#### Using Zero-Shot Model to Classify Data

This code shows how to use zero-shot classifier as a quick and easy way to assign labels of intest to the data. This classifier treats text classification task as a **text entailment problem**. More information on zero-shot classfier can be found in [Yin et al., 2019](https://arxiv.org/abs/1909.00161).

In this project, I am using [facebook/bart-large-mnli model](https://huggingface.co/tasks/zero-shot-classification) and 200 tweets about disaster from [Kaggle](https://www.kaggle.com/competitions/nlp-getting-started/data). The tweets have been already labeled and thus can serve as a comparison point for us to evaluate model performance on unseen data. 

I am using these model to assign 2 labels simultaneously: whether the document is about disaster and whether it is about forrest.

#### Part 1: Load Model, Data and Run Zero-Shot Classifier

In [1]:
from transformers import pipeline
classifier = pipeline("zero-shot-classification", model="facebook/bart-large-mnli")
import pandas as pd



In [2]:
df = pd.read_csv("disaster_data_labeled.csv", index_col = "id", nrows=200)
df.head(2)

Unnamed: 0_level_0,text,disaster_true
id,Unnamed: 1_level_1,Unnamed: 2_level_1
1,Our Deeds are the Reason of this #earthquake M...,1
4,Forest fire near La Ronge Sask. Canada,1


In [3]:
candidate_labels = ['disaster', 'forest']

In [4]:
# Define a function to apply the classifier
def apply_classifier(row):
    result = classifier(row['text'], candidate_labels, multi_label = True)
    return result['scores']

In [5]:
#apply classifier
df[['disaster_pred_prob', 'forest_pred_prob']] = df.apply(apply_classifier, axis=1, result_type='expand')
df.head(3)

Unnamed: 0_level_0,text,disaster_true,disaster_pred_prob,forest_pred_prob
id,Unnamed: 1_level_1,Unnamed: 2_level_1,Unnamed: 3_level_1,Unnamed: 4_level_1
1,Our Deeds are the Reason of this #earthquake M...,1,0.98684,0.001377
4,Forest fire near La Ronge Sask. Canada,1,0.949915,0.557649
5,All residents asked to 'shelter in place' are ...,1,0.081987,0.033703


#### Part 2: Explore Misclassified Documents

In [6]:
df['disaster_pred_label'] = (df['disaster_pred_prob'] >= 0.5).astype(int)
df.head(3)

Unnamed: 0_level_0,text,disaster_true,disaster_pred_prob,forest_pred_prob,disaster_pred_label
id,Unnamed: 1_level_1,Unnamed: 2_level_1,Unnamed: 3_level_1,Unnamed: 4_level_1,Unnamed: 5_level_1
1,Our Deeds are the Reason of this #earthquake M...,1,0.98684,0.001377,1
4,Forest fire near La Ronge Sask.
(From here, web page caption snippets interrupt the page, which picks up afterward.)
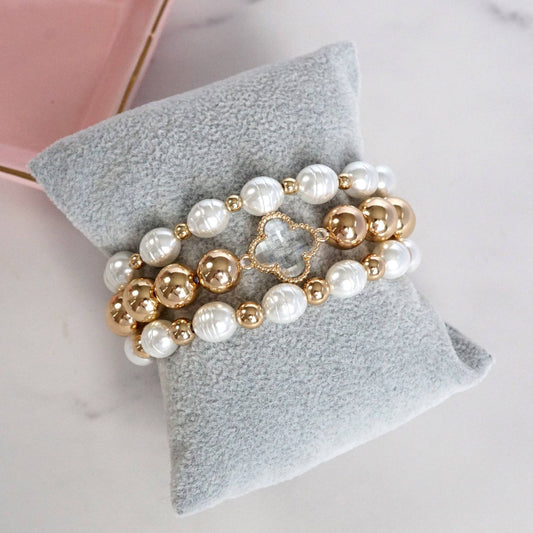 Beads & Clover Charm Statement Bracelet Stack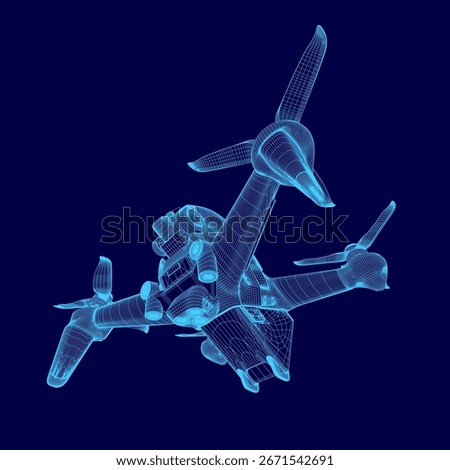 A 3D wireframe model of an airplane floats against a clean blue background, showcasing intricate structural details. The drone-like design features realistic rendering with transparent mesh surfaces.
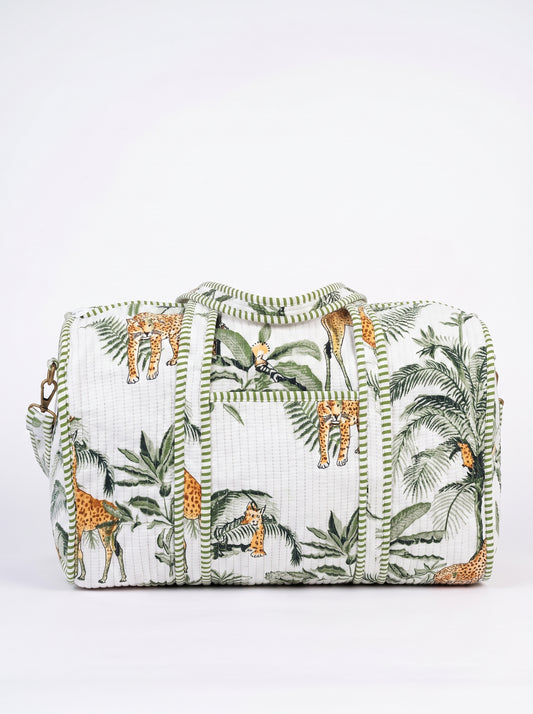 White Jungle Muse Quilted Cotton Duffle Bag – Lightweight Travel Weekender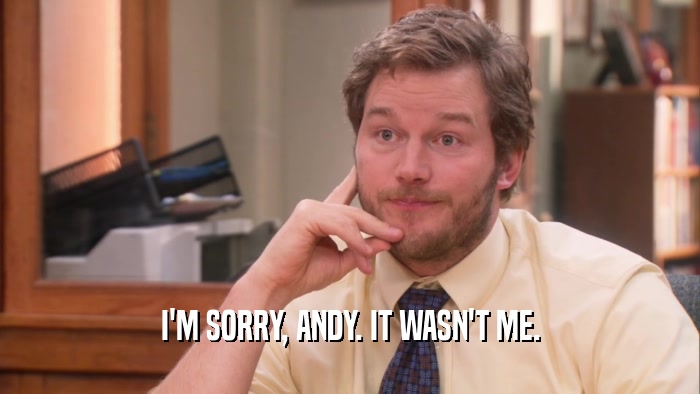 I'M SORRY, ANDY. IT WASN'T ME.  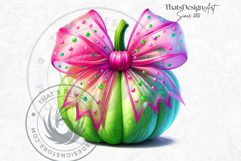 Pop Polka Dot coquette Pumpkins with bows PNG,fall halloween Product Image 7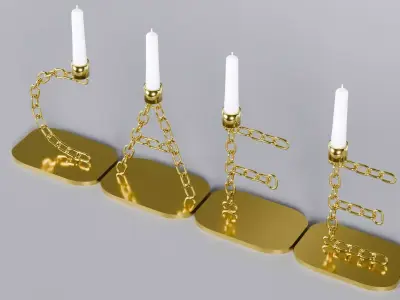Alphabet Cafe Gold Chain Candleholder 3D Model True 4K PBR Rendr Low-poly 3D model
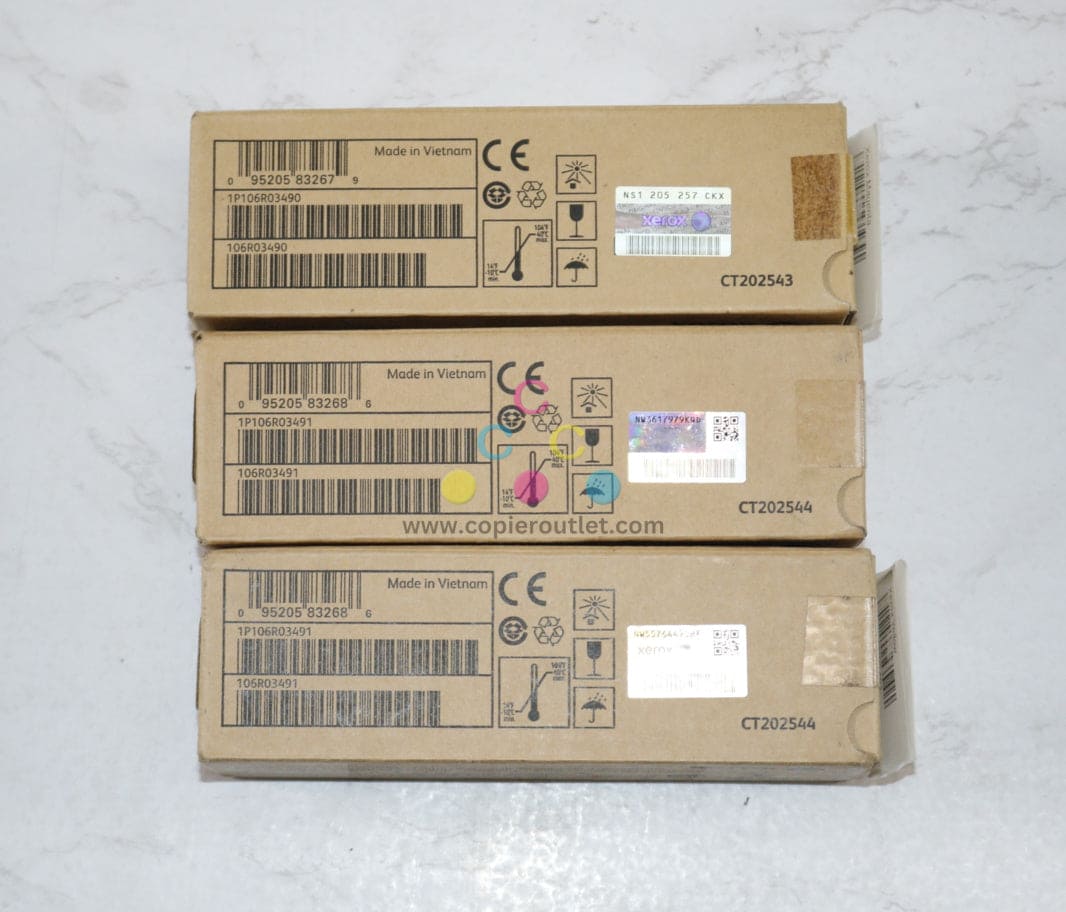 3 OEM Xerox Phaser 6510, 6515 Magenta & Yellow Metered Toners 106R03490, 106R03491
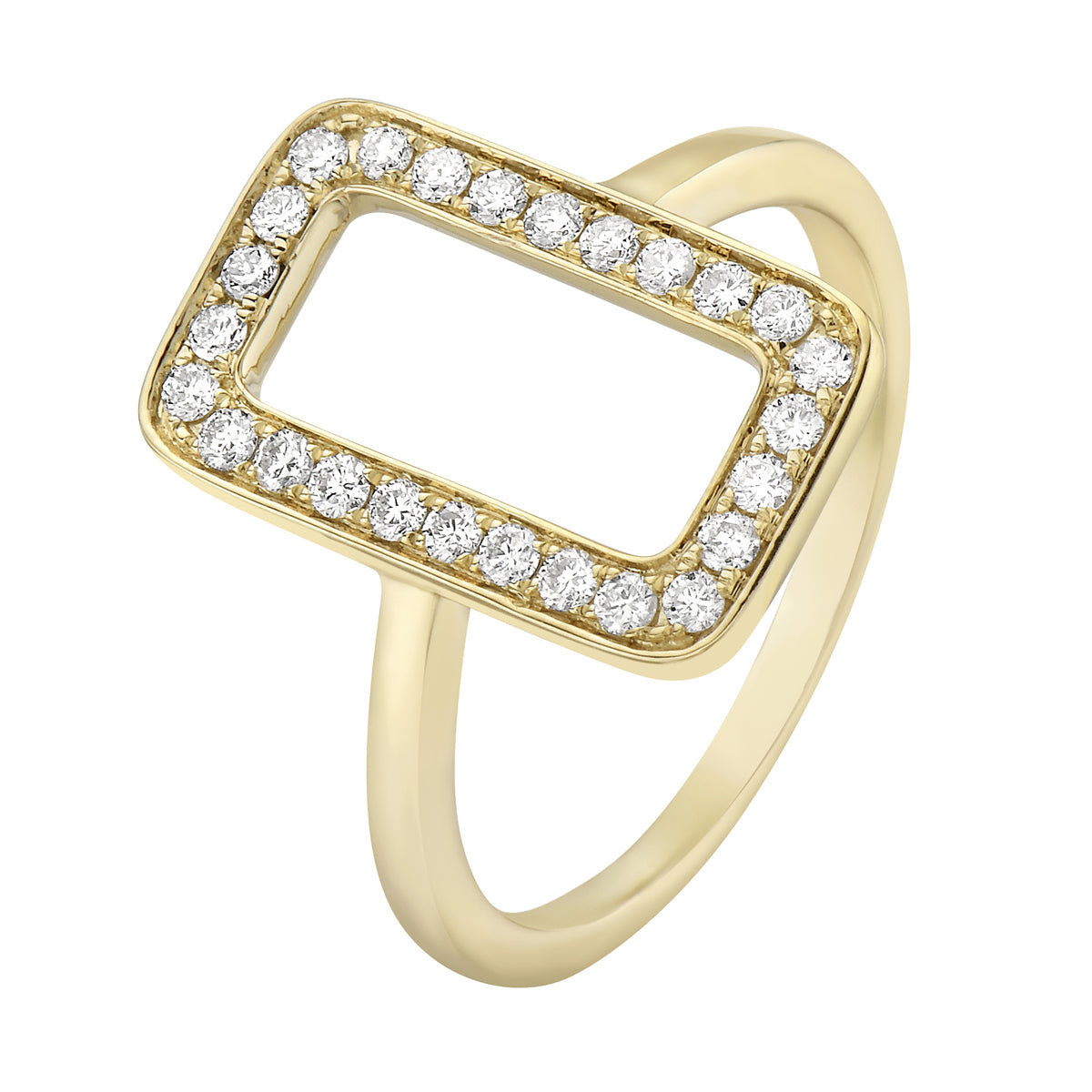 14K Yellow Gold Diamond Rectangle Ring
Canada,1,0.949915,0.557649,1
5,All residents asked to 'shelter in place' are ...,1,0.081987,0.033703,0


In [7]:
mismatch_count = (df['disaster_true'] != df['disaster_pred_label']).sum()
print("Number of mismatching rows:", mismatch_count)

Number of mismatching rows: 40


In [12]:
mismatched_rows = df[df['disaster_true'] != df['disaster_pred_label']]
print("Mismatching rows:")
mismatched_rows.head(5)

Mismatching rows:


Unnamed: 0_level_0,text,disaster_true,disaster_pred_prob,forest_pred_prob,disaster_pred_label
id,Unnamed: 1_level_1,Unnamed: 2_level_1,Unnamed: 3_level_1,Unnamed: 4_level_1,Unnamed: 5_level_1
5,All residents asked to 'shelter in place' are ...,1,0.081987,0.033703,0
8,#RockyFire Update => California Hwy. 20 closed...,1,0.379244,0.020025,0
28,What a goooooooaaaaaal!!!!!!,0,0.644796,0.261415,1
31,this is ridiculous....,0,0.981207,0.142747,1
37,No way...I can't eat that shit,0,0.983586,0.314536,1


Thus, we can see that zero-shot classifier was able to **correctly** identify disaster-related label in **160 out of 200 cases**, which is a great result considering that this is new data and no fine-tuning has been performed!